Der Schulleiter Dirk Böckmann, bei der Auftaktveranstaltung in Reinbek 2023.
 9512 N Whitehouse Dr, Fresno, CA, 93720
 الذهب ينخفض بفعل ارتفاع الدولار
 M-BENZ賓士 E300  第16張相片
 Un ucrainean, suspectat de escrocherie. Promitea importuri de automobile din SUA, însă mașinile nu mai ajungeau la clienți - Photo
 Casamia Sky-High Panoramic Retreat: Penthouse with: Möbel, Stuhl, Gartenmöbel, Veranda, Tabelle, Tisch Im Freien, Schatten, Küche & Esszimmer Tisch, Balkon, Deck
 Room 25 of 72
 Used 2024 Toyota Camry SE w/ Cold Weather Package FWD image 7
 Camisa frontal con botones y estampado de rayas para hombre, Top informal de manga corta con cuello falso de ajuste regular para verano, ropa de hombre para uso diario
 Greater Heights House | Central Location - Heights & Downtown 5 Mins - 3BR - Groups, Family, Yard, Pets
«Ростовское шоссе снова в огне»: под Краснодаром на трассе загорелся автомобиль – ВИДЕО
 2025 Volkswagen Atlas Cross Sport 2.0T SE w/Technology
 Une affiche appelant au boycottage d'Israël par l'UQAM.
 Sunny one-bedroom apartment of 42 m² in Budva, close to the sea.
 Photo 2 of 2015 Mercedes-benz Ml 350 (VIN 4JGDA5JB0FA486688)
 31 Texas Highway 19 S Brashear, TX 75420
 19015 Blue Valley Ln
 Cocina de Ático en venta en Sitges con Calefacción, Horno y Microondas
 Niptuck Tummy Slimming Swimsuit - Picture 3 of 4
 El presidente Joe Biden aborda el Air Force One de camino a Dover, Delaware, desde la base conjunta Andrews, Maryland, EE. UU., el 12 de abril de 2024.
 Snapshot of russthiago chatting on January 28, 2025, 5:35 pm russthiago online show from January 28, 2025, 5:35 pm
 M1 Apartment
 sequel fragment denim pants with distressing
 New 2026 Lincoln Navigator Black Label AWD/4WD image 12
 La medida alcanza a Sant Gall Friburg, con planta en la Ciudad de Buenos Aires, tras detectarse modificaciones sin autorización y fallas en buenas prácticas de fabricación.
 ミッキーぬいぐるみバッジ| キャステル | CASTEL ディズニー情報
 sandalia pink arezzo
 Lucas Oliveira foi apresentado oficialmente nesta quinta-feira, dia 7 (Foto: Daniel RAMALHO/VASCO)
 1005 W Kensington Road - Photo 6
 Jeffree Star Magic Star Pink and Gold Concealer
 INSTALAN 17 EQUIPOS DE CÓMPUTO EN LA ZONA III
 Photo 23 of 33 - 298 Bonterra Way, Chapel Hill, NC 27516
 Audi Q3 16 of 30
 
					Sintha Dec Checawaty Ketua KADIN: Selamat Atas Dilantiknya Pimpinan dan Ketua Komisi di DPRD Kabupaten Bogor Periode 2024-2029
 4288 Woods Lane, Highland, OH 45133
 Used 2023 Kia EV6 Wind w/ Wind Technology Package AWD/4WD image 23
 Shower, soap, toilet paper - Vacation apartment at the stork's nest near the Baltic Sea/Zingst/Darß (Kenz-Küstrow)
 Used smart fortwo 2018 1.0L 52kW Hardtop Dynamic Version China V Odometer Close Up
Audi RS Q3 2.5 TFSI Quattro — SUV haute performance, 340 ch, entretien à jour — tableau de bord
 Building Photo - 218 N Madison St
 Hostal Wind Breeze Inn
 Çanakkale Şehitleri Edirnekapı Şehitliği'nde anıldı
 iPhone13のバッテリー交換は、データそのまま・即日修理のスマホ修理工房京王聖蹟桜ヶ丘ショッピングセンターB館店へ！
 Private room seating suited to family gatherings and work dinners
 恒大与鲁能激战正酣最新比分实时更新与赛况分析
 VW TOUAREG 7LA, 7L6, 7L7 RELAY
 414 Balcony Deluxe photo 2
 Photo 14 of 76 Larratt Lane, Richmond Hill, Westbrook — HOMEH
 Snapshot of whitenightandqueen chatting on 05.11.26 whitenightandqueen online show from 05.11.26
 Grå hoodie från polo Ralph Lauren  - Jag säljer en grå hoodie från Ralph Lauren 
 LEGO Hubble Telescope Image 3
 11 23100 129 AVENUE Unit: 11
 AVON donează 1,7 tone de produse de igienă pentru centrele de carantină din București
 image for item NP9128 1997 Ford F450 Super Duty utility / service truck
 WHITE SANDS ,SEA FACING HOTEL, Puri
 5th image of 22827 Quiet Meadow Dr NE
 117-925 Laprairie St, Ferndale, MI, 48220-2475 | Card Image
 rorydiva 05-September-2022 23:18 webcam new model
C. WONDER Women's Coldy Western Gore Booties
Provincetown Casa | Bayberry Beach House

___

▶ _About this exercise_: Take the lines from the start of the records through the line holding "INSTALAN 17 EQUIPOS", both included, and please print them exactly, with nothing else.

▶ _Output for this exercise_:
Der Schulleiter Dirk Böckmann, bei der Auftaktveranstaltung in Reinbek 2023.
 9512 N Whitehouse Dr, Fresno, CA, 93720
 الذهب ينخفض بفعل ارتفاع الدولار
 M-BENZ賓士 E300  第16張相片
 Un ucrainean, suspectat de escrocherie. Promitea importuri de automobile din SUA, însă mașinile nu mai ajungeau la clienți - Photo
 Casamia Sky-High Panoramic Retreat: Penthouse with: Möbel, Stuhl, Gartenmöbel, Veranda, Tabelle, Tisch Im Freien, Schatten, Küche & Esszimmer Tisch, Balkon, Deck
 Room 25 of 72
 Used 2024 Toyota Camry SE w/ Cold Weather Package FWD image 7
 Camisa frontal con botones y estampado de rayas para hombre, Top informal de manga corta con cuello falso de ajuste regular para verano, ropa de hombre para uso diario
 Greater Heights House | Central Location - Heights & Downtown 5 Mins - 3BR - Groups, Family, Yard, Pets
«Ростовское шоссе снова в огне»: под Краснодаром на трассе загорелся автомобиль – ВИДЕО
 2025 Volkswagen Atlas Cross Sport 2.0T SE w/Technology
 Une affiche appelant au boycottage d'Israël par l'UQAM.
 Sunny one-bedroom apartment of 42 m² in Budva, close to the sea.
 Photo 2 of 2015 Mercedes-benz Ml 350 (VIN 4JGDA5JB0FA486688)
 31 Texas Highway 19 S Brashear, TX 75420
 19015 Blue Valley Ln
 Cocina de Ático en venta en Sitges con Calefacción, Horno y Microondas
 Niptuck Tummy Slimming Swimsuit - Picture 3 of 4
 El presidente Joe Biden aborda el Air Force One de camino a Dover, Delaware, desde la base conjunta Andrews, Maryland, EE. UU., el 12 de abril de 2024.
 Snapshot of russthiago chatting on January 28, 2025, 5:35 pm russthiago online show from January 28, 2025, 5:35 pm
 M1 Apartment
 sequel fragment denim pants with distressing
 New 2026 Lincoln Navigator Black Label AWD/4WD image 12
 La medida alcanza a Sant Gall Friburg, con planta en la Ciudad de Buenos Aires, tras detectarse modificaciones sin autorización y fallas en buenas prácticas de fabricación.
 ミッキーぬいぐるみバッジ| キャステル | CASTEL ディズニー情報
 sandalia pink arezzo
 Lucas Oliveira foi apresentado oficialmente nesta quinta-feira, dia 7 (Foto: Daniel RAMALHO/VASCO)
 1005 W Kensington Road - Photo 6
 Jeffree Star Magic Star Pink and Gold Concealer
 INSTALAN 17 EQUIPOS DE CÓMPUTO EN LA ZONA III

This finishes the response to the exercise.